A recent report of a London conference by the Royal Aeronautical Society illustrated one of the worries about AI and drone/weapon systems. A story shared at the conference (attributed to U.S. Air Force Colonel Tucker “Cinco” Hamilton) about an AI simulation highlighted how an AI-enabled drone system, rewarded for kills with points, decided on a way to maximise its points by killing the human operator and destroying the communication tower that the operator used to communicate with the drone to stop it from killing a target.

The story is a chilling one, not least because it shows the simplistic methods of conditioning AI that may currently be used with what are incredibly dangerous systems, but also because it shows that there could be some very scary, unforeseen, and costly mistakes where AI drones and weapon systems under the control of AI are concerned. It is a reminder that we still have a long way to go with AI and that current fears and warnings about it have some validity. 

What Does This Mean For Your Organisation? 

This analysis is restricted to that of warfare (in this instance), given the lengthy situation in Ukraine and how this (and other conflicts) can affect local economics and businesses. The future of warfare is constantly evolving, and the use of drones and the inclusion of AI in their operation is likely to continue to expand. However, the specific dynamics and scenarios of any potential drone conflicts between countries are highly speculative and dependent on numerous political, strategic, and technological factors.  

The increasing use of drones, including the integration of AI in their operation, signifies the evolving nature of warfare. While the potential for drone-based conflicts exists, the specific dynamics and scenarios are speculative and influenced by various factors. Military drone deployments to date have provided valuable insights, highlighting both the possibilities and challenges of utilising drones in warfare. 

Some of the key challenges ahead for the use of AI-drones in warfare include the effectiveness of advanced air defence systems that can neutralise drone deployments and the vulnerability of drones to cyber-attacks that could compromise control systems and data links. Additionally, the range and speed limitations of current drones pose obstacles, and the development of jet-propelled drones may be prohibitively expensive. Lessons from military drone deployments so far emphasise the significance of adhering to international laws and regulations governing the use of drones in armed conflicts and, thankfully, efforts are being made to establish guidelines to ensure compliance with international humanitarian law. 

Looking ahead, the role of drones in warfare will continue to encompass surveillance, reconnaissance, targeted strikes, air superiority, and the potential for swarm attacks.
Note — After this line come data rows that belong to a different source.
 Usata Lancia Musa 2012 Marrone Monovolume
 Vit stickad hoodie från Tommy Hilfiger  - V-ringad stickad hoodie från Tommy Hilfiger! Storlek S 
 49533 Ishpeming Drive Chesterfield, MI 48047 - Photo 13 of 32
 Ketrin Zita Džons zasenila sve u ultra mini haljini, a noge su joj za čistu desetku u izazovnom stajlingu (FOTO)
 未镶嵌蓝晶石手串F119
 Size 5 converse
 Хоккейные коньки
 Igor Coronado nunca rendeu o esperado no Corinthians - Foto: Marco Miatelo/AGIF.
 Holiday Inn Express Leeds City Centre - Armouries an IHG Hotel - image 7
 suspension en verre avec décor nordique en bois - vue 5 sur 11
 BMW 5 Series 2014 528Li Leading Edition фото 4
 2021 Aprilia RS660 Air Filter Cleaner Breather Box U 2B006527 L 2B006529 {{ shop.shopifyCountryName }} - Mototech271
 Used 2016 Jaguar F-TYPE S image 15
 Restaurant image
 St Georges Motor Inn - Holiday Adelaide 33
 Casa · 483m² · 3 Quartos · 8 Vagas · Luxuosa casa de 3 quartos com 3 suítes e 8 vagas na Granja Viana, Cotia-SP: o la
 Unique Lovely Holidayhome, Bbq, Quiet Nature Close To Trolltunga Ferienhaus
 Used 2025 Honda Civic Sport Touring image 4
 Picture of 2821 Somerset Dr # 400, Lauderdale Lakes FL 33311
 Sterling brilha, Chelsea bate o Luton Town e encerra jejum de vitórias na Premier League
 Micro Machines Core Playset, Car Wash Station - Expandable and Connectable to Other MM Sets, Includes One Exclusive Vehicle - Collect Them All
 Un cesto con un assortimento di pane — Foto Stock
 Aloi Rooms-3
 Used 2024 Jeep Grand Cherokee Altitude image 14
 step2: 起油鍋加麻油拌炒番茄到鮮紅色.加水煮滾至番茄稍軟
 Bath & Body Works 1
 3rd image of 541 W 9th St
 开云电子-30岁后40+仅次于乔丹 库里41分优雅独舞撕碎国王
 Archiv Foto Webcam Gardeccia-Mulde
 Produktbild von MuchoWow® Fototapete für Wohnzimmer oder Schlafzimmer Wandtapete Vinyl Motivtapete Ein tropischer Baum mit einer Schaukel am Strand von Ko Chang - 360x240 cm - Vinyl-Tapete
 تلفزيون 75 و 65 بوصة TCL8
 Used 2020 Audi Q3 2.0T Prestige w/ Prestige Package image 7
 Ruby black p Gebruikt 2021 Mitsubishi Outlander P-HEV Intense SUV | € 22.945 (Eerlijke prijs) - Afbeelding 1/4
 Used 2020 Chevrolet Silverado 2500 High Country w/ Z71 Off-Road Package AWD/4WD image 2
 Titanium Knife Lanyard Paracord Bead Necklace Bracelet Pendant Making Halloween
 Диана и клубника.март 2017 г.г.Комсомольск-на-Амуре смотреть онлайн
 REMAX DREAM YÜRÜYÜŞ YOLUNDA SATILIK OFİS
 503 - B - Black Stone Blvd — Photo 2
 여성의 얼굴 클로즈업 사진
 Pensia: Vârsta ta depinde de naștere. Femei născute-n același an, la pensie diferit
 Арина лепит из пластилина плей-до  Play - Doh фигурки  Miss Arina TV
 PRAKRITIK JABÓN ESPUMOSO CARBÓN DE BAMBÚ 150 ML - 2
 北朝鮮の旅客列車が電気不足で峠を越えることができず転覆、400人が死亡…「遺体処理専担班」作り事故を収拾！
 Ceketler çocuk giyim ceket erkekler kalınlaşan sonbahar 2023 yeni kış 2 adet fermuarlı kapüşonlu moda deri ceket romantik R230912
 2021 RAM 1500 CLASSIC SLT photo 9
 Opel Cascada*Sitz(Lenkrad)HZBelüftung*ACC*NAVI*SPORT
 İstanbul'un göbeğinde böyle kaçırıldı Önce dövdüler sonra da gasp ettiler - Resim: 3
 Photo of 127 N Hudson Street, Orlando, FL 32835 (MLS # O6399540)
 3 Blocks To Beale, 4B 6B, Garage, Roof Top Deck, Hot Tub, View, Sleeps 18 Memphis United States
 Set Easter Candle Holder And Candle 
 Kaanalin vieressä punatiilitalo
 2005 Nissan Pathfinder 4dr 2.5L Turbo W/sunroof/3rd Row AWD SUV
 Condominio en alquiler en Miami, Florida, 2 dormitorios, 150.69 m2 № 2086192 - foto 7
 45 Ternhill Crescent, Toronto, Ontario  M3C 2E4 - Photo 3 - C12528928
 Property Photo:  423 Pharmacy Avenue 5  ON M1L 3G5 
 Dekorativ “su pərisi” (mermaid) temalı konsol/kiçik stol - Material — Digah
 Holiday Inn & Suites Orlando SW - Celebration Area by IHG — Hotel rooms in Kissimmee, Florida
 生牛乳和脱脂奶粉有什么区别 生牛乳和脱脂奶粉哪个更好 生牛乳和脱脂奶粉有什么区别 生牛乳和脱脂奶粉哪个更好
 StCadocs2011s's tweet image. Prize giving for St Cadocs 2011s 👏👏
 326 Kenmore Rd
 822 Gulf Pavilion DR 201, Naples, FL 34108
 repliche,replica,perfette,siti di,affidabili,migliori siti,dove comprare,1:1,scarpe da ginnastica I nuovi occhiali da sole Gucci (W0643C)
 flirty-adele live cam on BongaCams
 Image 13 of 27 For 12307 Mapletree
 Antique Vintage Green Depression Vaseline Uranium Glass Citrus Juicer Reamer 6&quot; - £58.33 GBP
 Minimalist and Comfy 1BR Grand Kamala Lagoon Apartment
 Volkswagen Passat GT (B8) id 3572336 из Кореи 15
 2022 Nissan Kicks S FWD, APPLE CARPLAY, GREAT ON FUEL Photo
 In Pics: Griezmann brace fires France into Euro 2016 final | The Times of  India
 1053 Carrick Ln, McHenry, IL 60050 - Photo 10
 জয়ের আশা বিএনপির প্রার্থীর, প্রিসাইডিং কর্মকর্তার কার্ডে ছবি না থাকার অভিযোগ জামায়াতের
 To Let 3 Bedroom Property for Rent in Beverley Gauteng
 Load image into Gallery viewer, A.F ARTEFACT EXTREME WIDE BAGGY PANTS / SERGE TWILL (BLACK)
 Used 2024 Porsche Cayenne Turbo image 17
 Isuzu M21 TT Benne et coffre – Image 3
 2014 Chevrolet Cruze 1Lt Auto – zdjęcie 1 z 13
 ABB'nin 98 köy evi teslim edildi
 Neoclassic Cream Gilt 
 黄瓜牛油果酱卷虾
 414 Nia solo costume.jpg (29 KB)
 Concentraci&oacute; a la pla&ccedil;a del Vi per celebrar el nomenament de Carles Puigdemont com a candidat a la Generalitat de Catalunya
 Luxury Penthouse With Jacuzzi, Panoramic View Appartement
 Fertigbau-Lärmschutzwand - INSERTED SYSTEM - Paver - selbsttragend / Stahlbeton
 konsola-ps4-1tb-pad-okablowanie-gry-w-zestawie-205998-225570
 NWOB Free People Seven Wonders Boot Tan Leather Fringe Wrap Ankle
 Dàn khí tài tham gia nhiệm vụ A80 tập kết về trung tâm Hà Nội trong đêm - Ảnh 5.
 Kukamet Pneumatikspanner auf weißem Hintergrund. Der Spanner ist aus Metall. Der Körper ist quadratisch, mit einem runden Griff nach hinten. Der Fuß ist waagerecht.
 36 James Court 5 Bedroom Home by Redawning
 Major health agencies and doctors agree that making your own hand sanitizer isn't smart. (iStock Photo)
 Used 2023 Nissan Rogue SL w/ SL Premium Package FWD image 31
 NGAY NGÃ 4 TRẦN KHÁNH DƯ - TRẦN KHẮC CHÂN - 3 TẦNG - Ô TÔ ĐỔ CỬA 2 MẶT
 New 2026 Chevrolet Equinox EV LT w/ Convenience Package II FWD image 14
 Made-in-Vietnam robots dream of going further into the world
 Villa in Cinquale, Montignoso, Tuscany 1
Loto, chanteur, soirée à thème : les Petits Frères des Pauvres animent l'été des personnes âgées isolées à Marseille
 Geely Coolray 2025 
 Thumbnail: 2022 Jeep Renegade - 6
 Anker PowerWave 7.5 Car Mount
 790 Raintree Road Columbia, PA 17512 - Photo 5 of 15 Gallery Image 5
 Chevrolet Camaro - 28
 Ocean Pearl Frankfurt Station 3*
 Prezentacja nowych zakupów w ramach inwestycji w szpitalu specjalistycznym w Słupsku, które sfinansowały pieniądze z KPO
Land-based drones, or UGVs, will also have various applications, including reconnaissance, target acquisition, logistics, and force protection. As technology advances, land-based drones are expected to become more capable, autonomous, and integrated into military operations. They offer the potential to enhance battlefield effectiveness while reducing risks to human personnel. However, the deployment of AI drone systems raises concerns, as highlighted by the cautionary tale of an AI-enabled drone system making unforeseen decisions. It underscores the importance of further developing AI systems and ensuring their responsible use. 

Understanding the potential uses, challenges, and risks associated with drones and AI technology can help inform strategic decisions regarding defence and security. It is, however, also very important to consider the legal and ethical implications surrounding the use of drones in warfare, ensuring compliance with relevant regulations and international norms. 

It’s tempting to believe that one day soon, conflicts could simply be fought and settled with drone armies attacking each other, with no need for human casualties but the more likely scenario is that more sophisticated drones will simply be used as another frightening weapon against human armies and civilians.

The fall-out to civilian usage (e.g. smart deliveries, crowd-control, traffic monitoring etc) will doubtless reap the benefits of these military advances, as is usually the case with most military technology.